Claire : Sur scène, comment rendez-vous visible le thème que vous abordez : la perte de mémoire ?

Ç’a été une vraie question : scénographie minimaliste, ou accumulation d’éléments scéniques ? Un jour, je devais présenter le projet Arboretum, mais la fille qui devait amener les vidéos les a oubliées. Il n’y avait plus rien : le vide sur la scène. Alors j’ai fait mes vidéos simplement avec la parole, et ça a plu. La force de la parole est de faire exister ce qui n’existait pas, de même Arboretum se passe d’une scénographie explicite. J’assume vraiment d’être en face de vous et de ne pas faire naître le théâtre tout de suite. D’un coup l’espace d’une scène de conférence - sans ajouter d’objets, seulement avec les lumières, le son et notre jeu - va se transformer en scène théâtrale.

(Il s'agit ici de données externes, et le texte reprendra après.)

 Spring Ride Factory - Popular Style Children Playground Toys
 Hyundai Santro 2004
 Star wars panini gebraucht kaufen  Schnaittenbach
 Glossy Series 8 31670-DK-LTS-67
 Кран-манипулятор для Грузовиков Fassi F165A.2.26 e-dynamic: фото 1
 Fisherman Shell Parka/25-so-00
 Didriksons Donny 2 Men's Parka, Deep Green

Claire : Il y a un jeu d’alternance entre des scènes frontales et des scènes familiales plus théâtrales. Pourquoi la théâtralité est-elle importante dans ces scènes ?

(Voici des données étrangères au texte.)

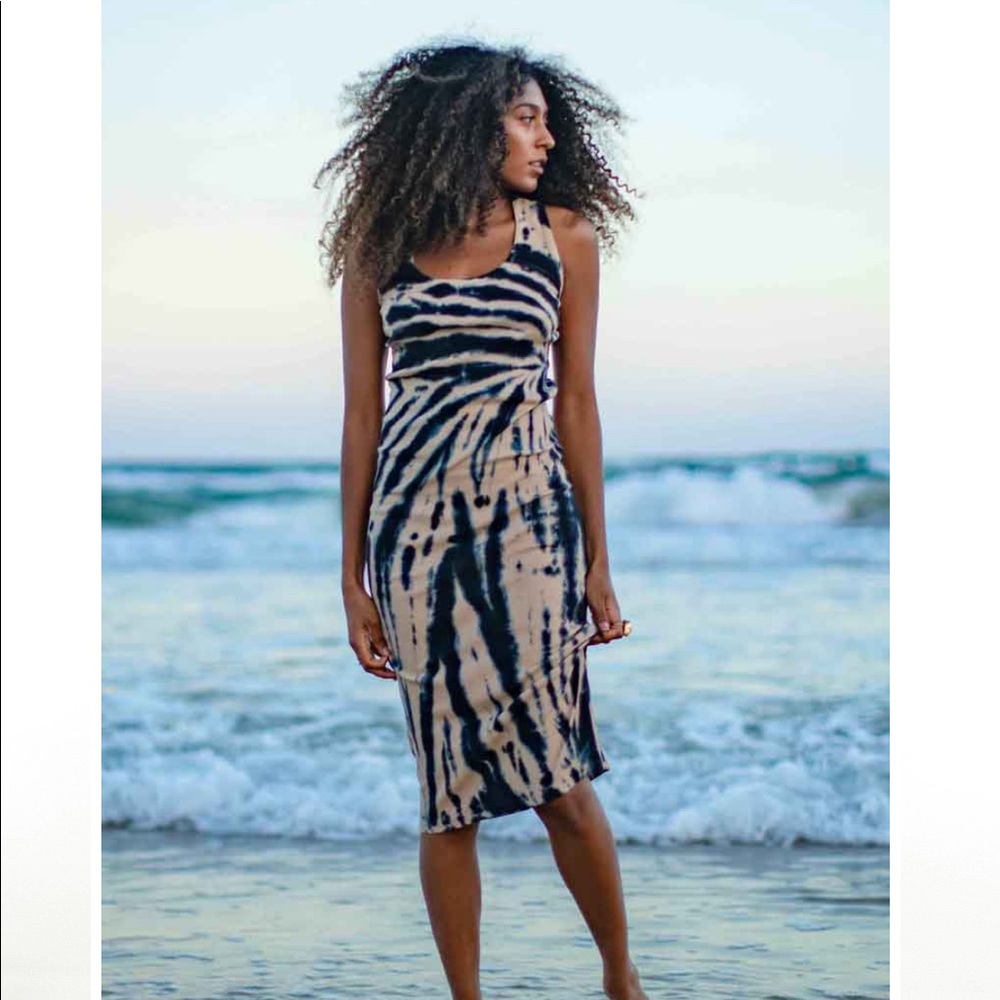 Young Fabulous & Broke Denny Blue Safari NWT
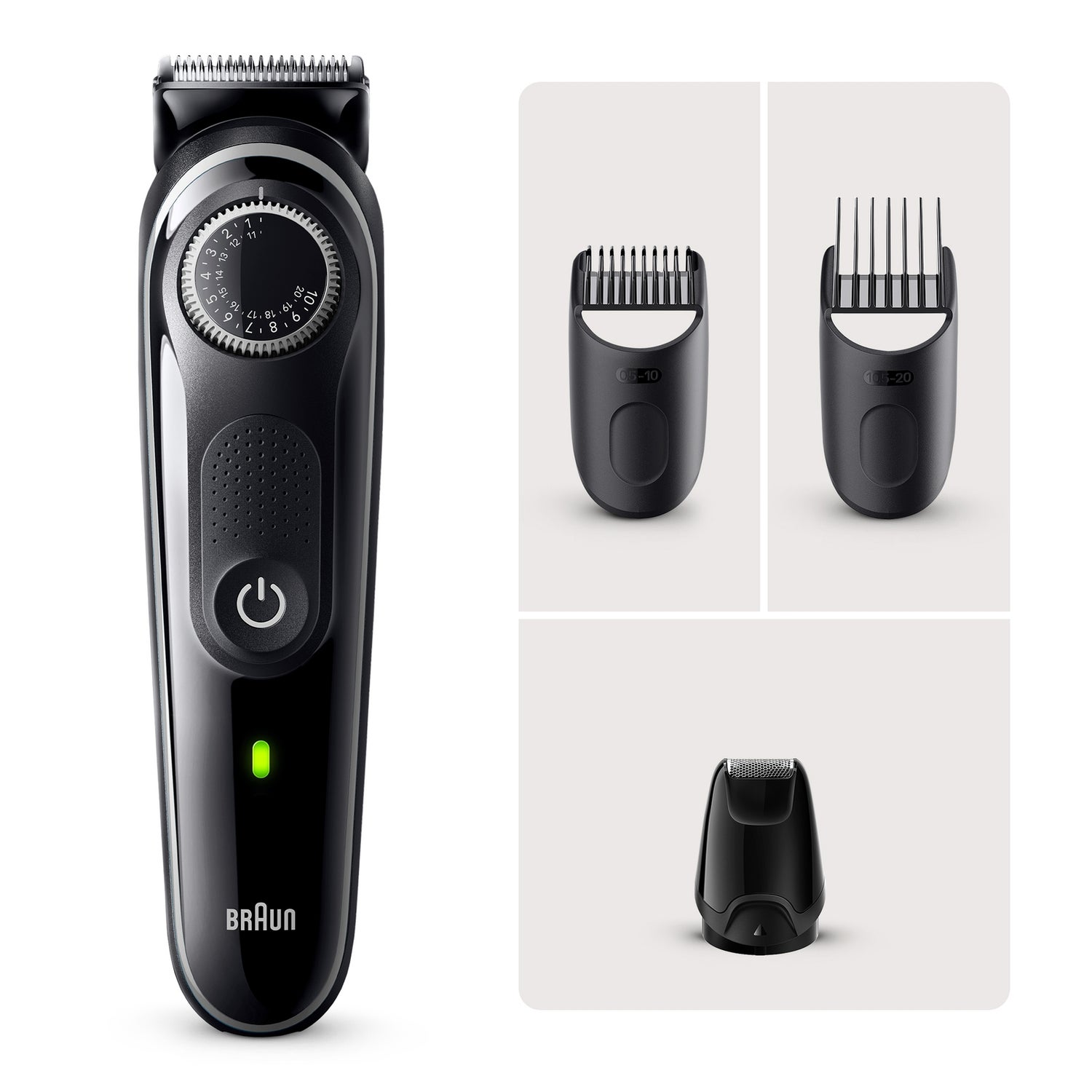 Braun Beard Trimmer BT3440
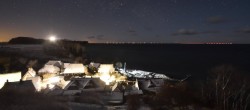 Archiv Foto Webcam Rügen - Fischerdorf Vitt und Kap Arkona 18:00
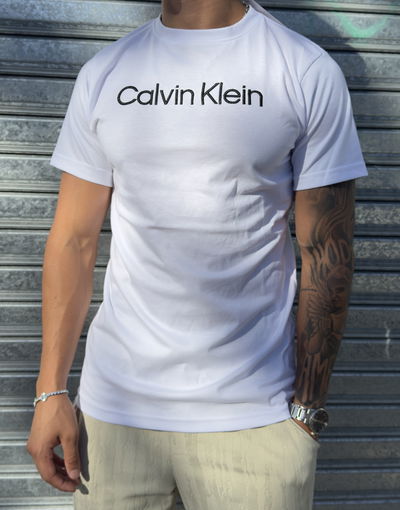 Remera Calvin Klein | BLANCO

Tout simplement pour ne pas mentir aux spectateurs. Tout ce que je leur dis est vrai, c’est mon histoire. Lorsque nous passons sur scène, nous pratiquons forcément une reconstitution. J’ai besoin de dénoncer l’illusion scénique, de dire que ce sont des acteurs et pas vraiment ma famille; c’est un pacte de transparence, la caution du réel.

Mon professeur d’interprétation suivait avant la méthode de jeu de Stanislavski qui exige “de devenir son personnage”. À présent, il trouve ça plus intéressant de courir après son personnage, de cultiver le décalage, parce que l’acteur n’arrivera jamais à s’effacer complètement derrière le personnage.

Claire : Vous parlez de la perte de tradition comme d’un fait générationnel. Quelle dimension cela prend-il d’en parler à Nanterre sur Scène, devant un public majoritairement étudiant et lycéen ?

Je pense que c’est à eux que c’est destiné. Beaucoup de personnes sont venues me dire “moi aussi mon grand-père a l’Alzheimer, et je voulais en faire un projet”. De plus, il y a une rupture générationnelle fréquente avec le sentiment d’être étranger à ses grands-parents.

Il y a la recherche d’un lien aussi. Quand je disais “créer du réel avec le théâtre”, c’est que le théâtre m’a aussi permis de créer du lien avec mon grand-père. Je pense qu’à partir du moment où c’est quelque chose où on sent une réelle subjectivité, ça peut vraiment toucher.

C’est aussi un rapport avec l’œuvre artistique. J’ai bien conscience qu’à Nanterre sur Scène il y aura beaucoup de gens qui font du théâtre dans le public. Je me souviens avoir vu un spectacle de théâtre documentaire très simple, épuré et ça marchait très bien. Et je me suis dis “ok faut que je me lance, c’est pas si difficile”. Peut-être que des gens vont réagir comme ça dans le public, ça serait top, que certains aient l’idée de créer eux-mêmes des liens.

Propos recueillis pas Claire Thomas et Lola de Marcillac.